▶ **What is needed**
The pictures in the listing below are to be skipped, while the lines between the line holding "1221 Victoria St #1202" and the line holding "Building Photo - 200 W James Ave", inclusive, are to be output exactly.

▶ **Data supplied**
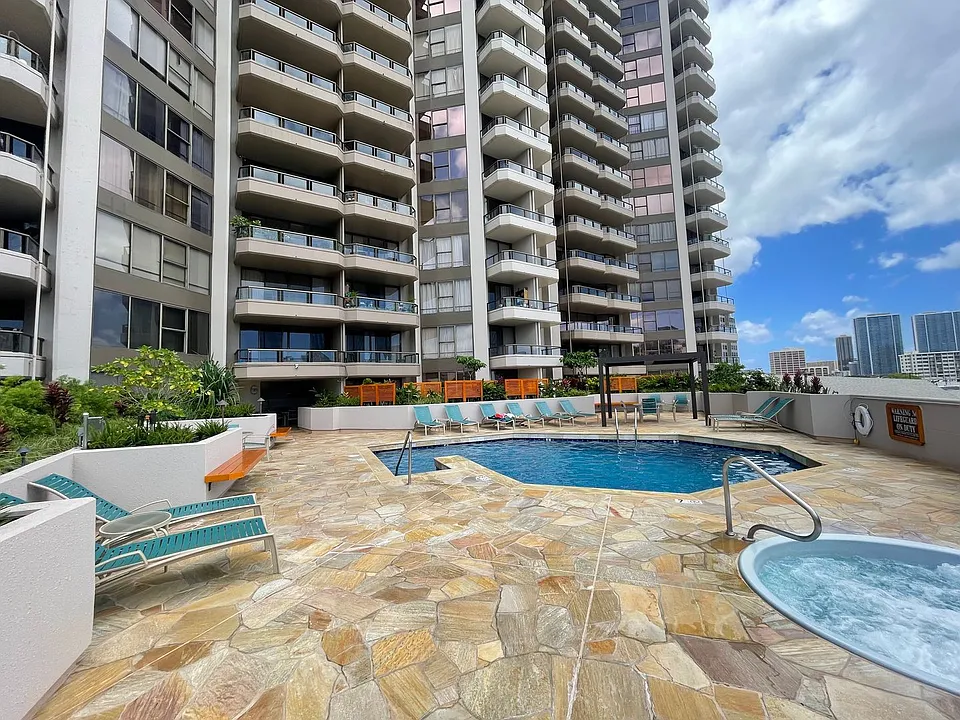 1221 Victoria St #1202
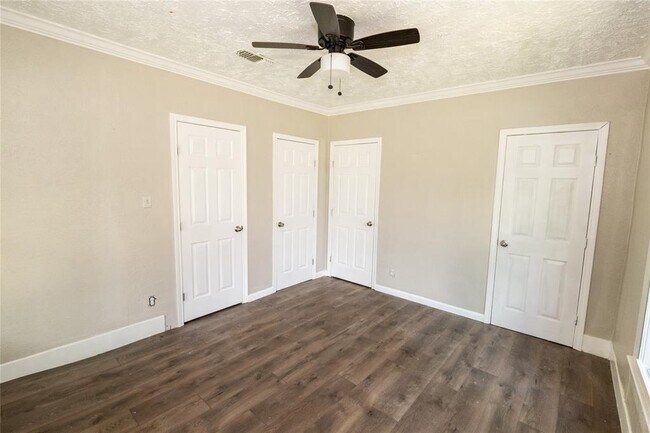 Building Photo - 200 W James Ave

---

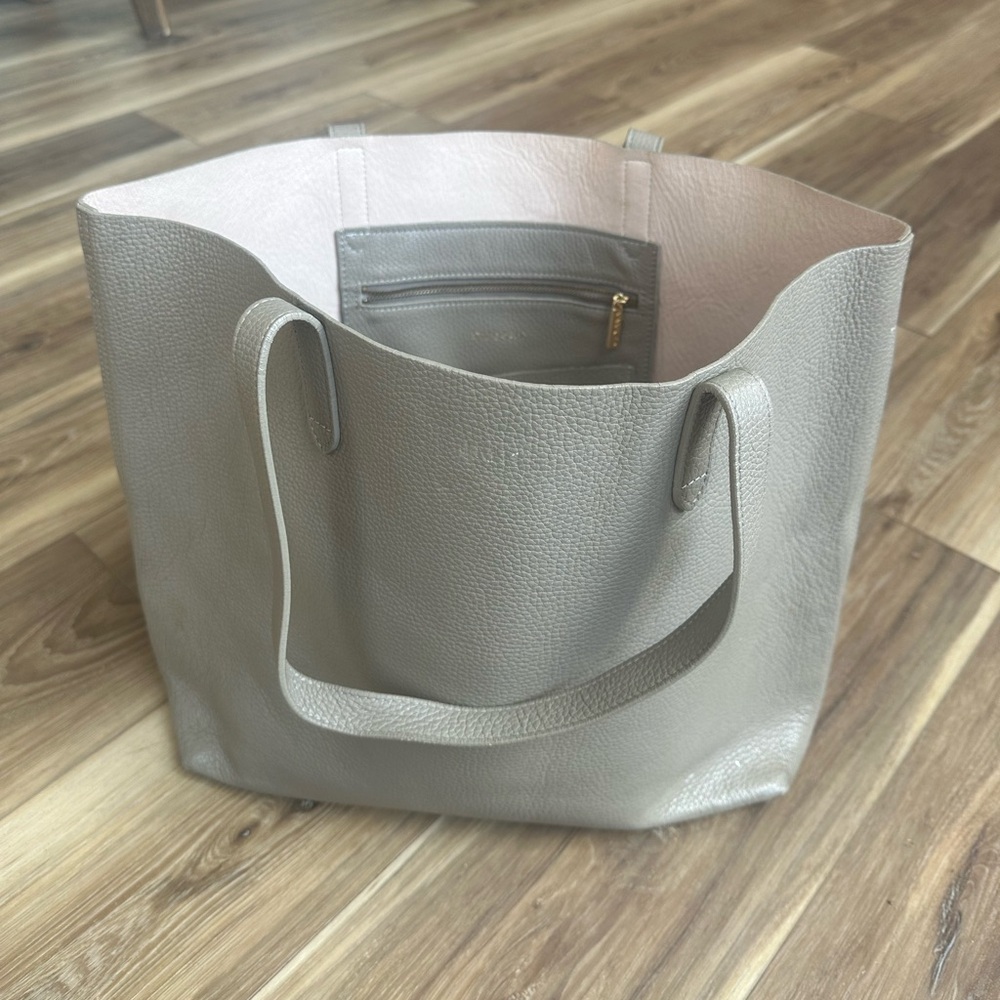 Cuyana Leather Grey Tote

---

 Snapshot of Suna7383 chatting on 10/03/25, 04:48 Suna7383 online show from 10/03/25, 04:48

▶ **Reply**
 1221 Victoria St #1202
 Building Photo - 200 W James Ave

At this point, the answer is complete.